Your output should be everything below from the line containing "Hotels Fasthotel Cleon" down to the line containing "The Essential Ring", both ends included, copied exactly, with pictures left out.
═══ DATASET ENTRIES ═══
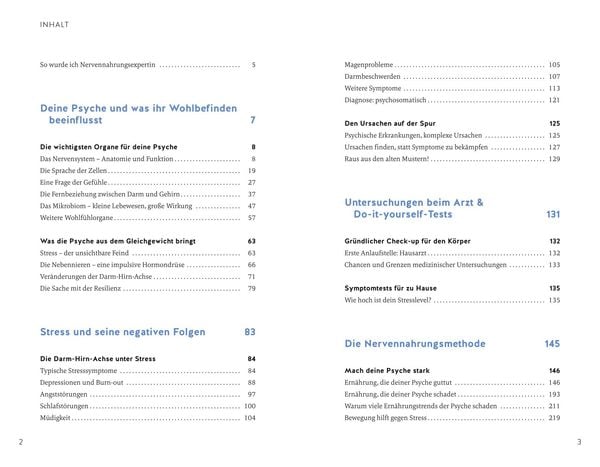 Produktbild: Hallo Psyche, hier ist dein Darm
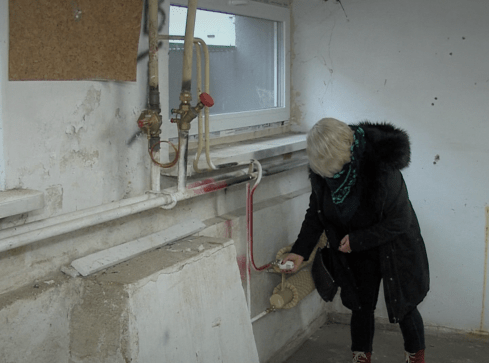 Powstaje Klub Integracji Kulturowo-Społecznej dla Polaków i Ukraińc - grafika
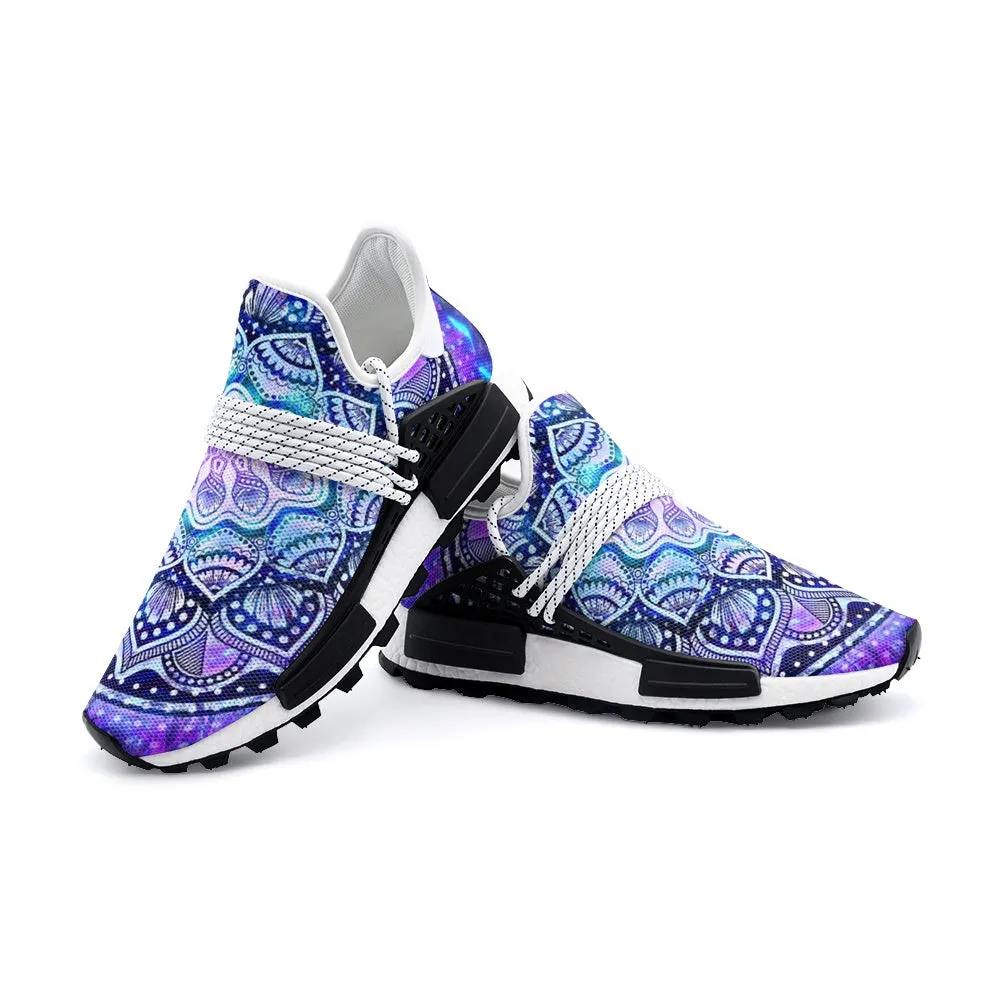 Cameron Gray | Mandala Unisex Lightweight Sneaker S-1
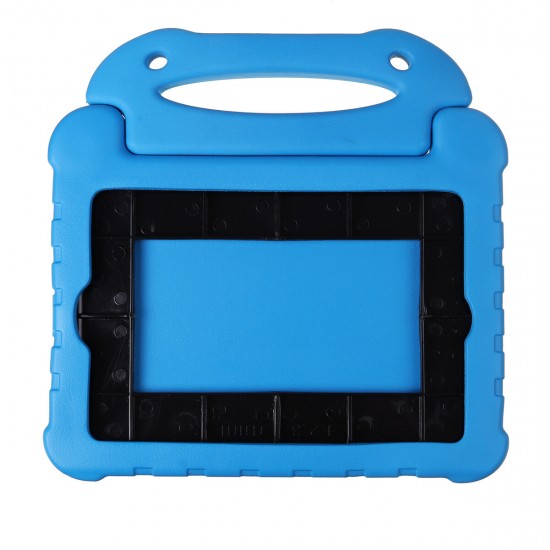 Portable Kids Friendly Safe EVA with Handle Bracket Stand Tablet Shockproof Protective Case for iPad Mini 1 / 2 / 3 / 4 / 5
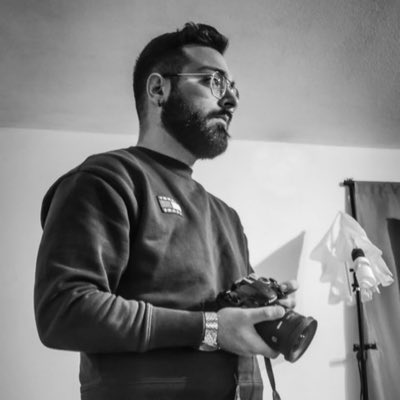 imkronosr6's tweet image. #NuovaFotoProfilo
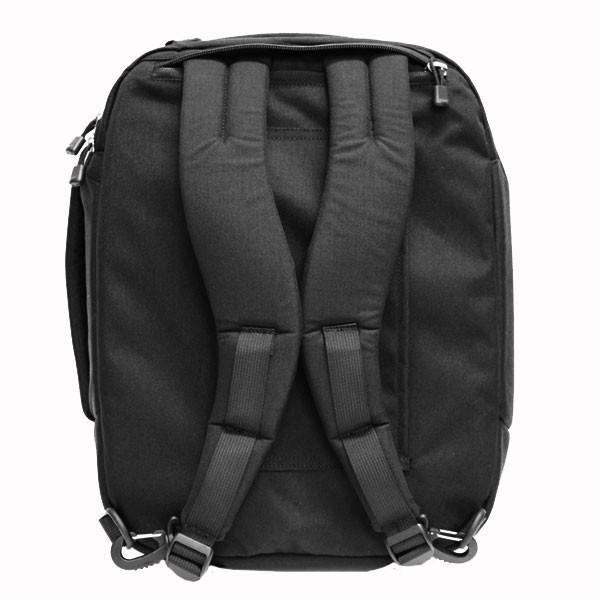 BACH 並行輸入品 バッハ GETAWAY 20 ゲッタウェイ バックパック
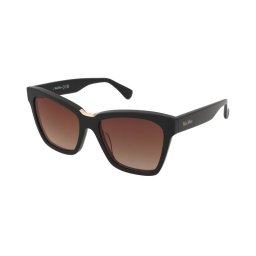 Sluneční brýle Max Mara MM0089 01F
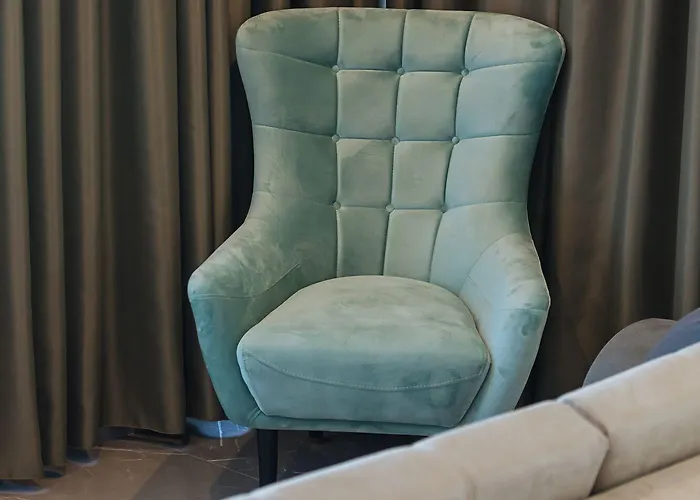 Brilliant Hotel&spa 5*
═══
═══ DATASET ENTRIES ═══
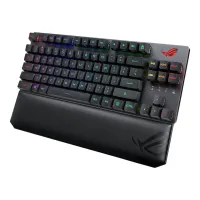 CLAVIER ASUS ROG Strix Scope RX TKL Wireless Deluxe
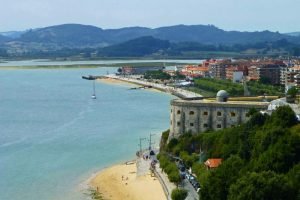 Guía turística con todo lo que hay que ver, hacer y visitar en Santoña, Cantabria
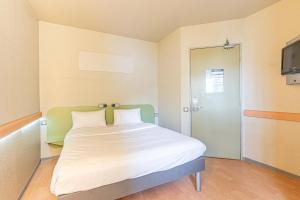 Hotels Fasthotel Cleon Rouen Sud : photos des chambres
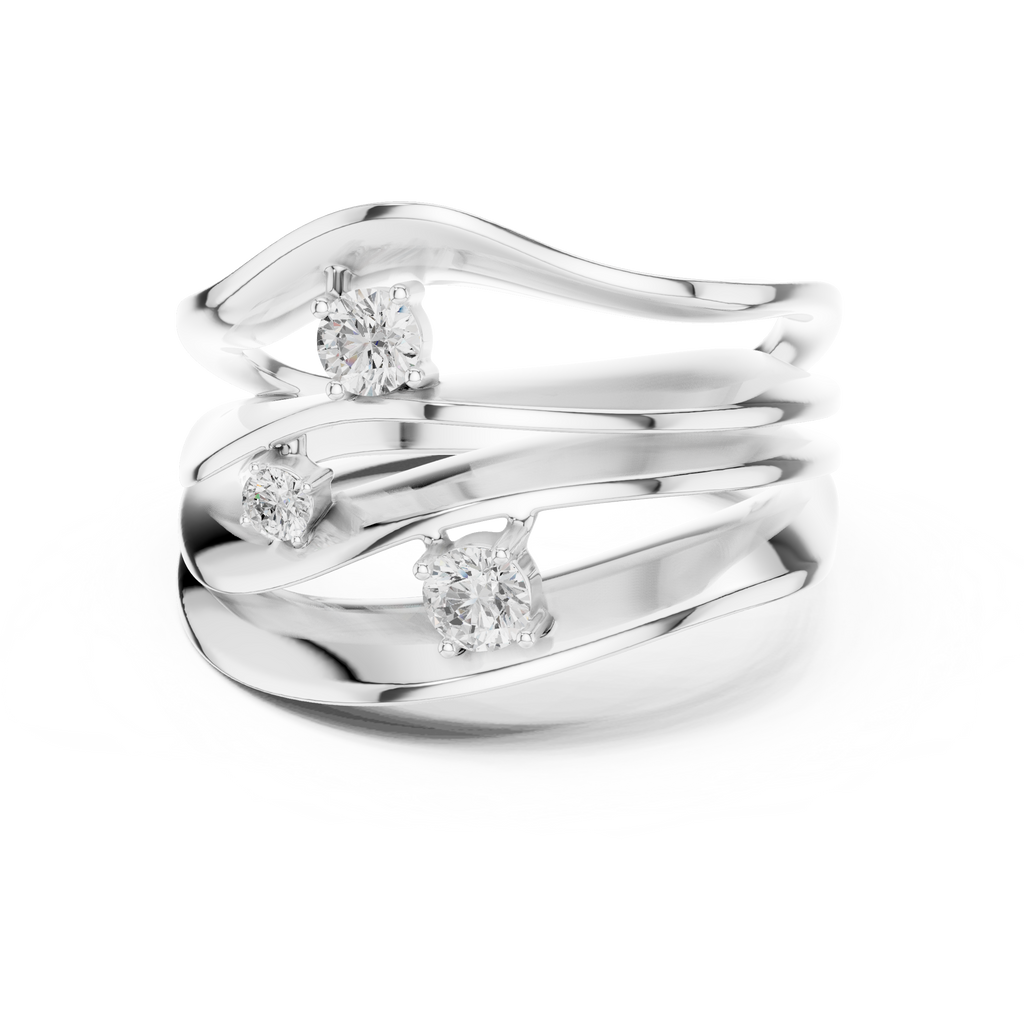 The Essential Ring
═══
═══ DATASET ENTRIES ═══
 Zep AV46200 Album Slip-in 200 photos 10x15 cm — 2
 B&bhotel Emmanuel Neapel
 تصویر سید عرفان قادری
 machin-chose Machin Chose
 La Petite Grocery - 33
═══
■ **RESPONSE TO THIS EXERCISE**
 Hotels Fasthotel Cleon Rouen Sud : photos des chambres
 The Essential Ring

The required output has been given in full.